TASK PROMPT
Drop all pictures and repeat exactly the lines from the line holding "Hey Joanie CHILL Pleat Straight Ankle Jeans" through the end of the records.

Stored dataset items:
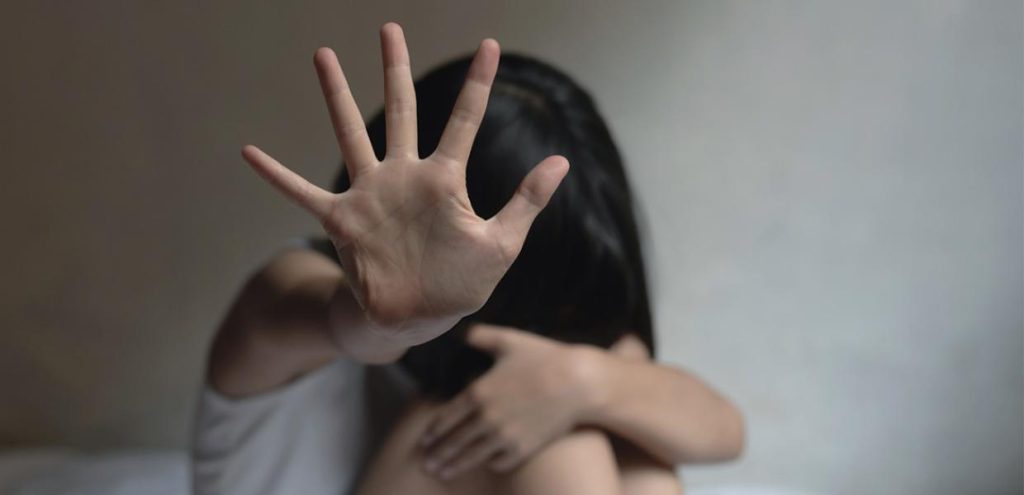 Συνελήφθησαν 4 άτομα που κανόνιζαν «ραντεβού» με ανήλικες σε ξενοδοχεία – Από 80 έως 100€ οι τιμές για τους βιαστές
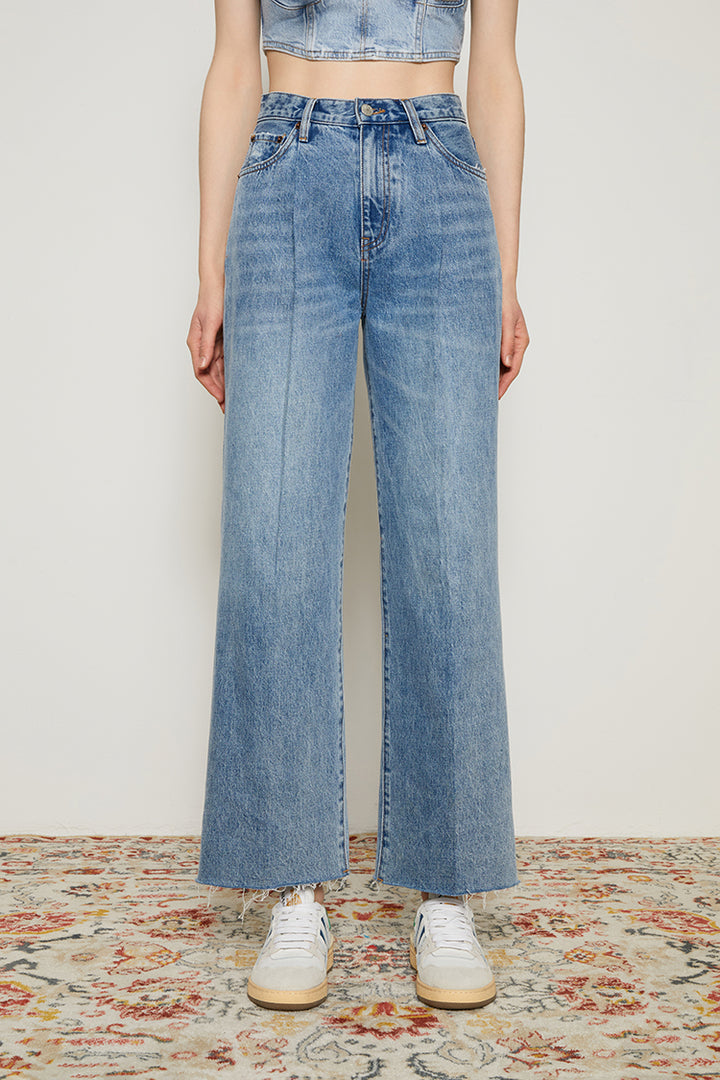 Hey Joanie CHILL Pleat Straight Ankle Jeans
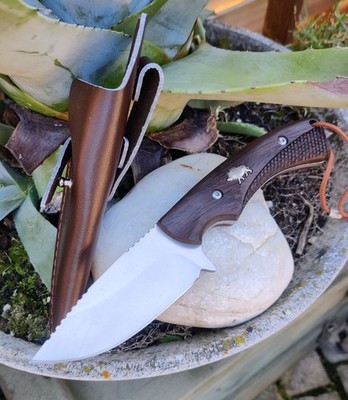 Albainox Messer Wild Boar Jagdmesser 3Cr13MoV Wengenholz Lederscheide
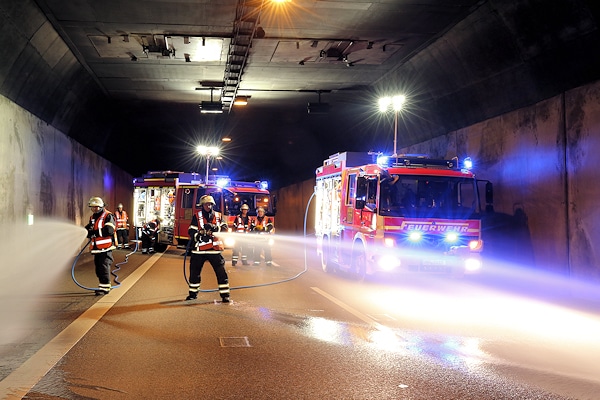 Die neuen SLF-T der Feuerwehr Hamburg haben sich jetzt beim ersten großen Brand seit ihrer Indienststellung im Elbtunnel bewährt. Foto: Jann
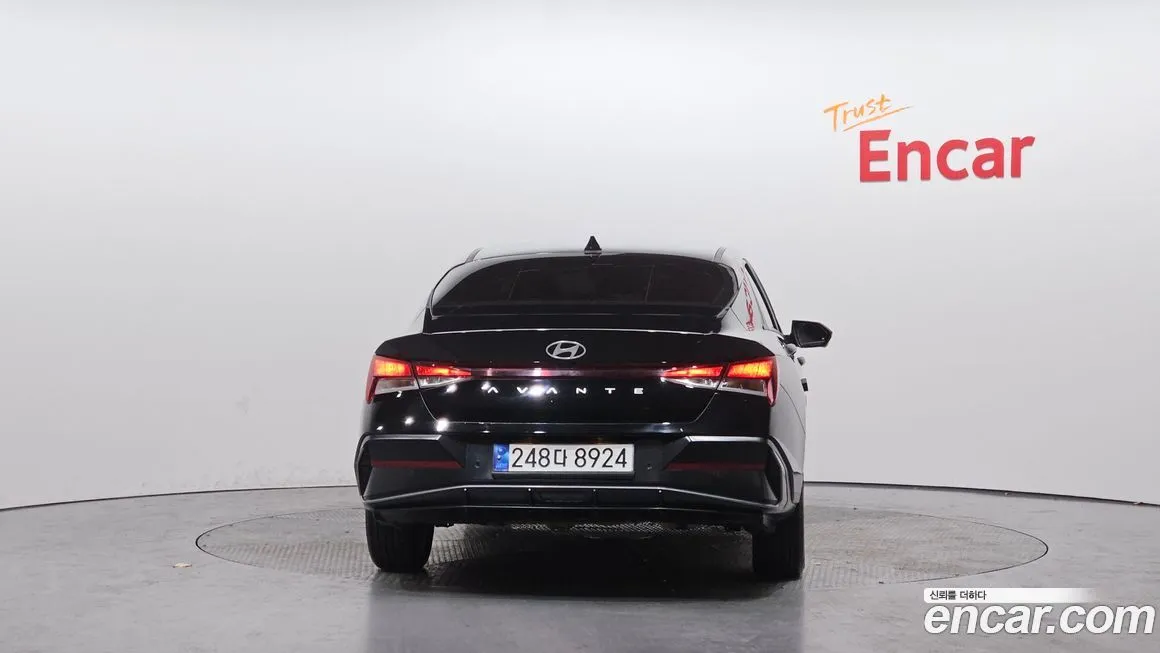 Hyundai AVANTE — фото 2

TASK RESULT
 Hey Joanie CHILL Pleat Straight Ankle Jeans
 Albainox Messer Wild Boar Jagdmesser 3Cr13MoV Wengenholz Lederscheide
 Die neuen SLF-T der Feuerwehr Hamburg haben sich jetzt beim ersten großen Brand seit ihrer Indienststellung im Elbtunnel bewährt. Foto: Jann
 Hyundai AVANTE — фото 2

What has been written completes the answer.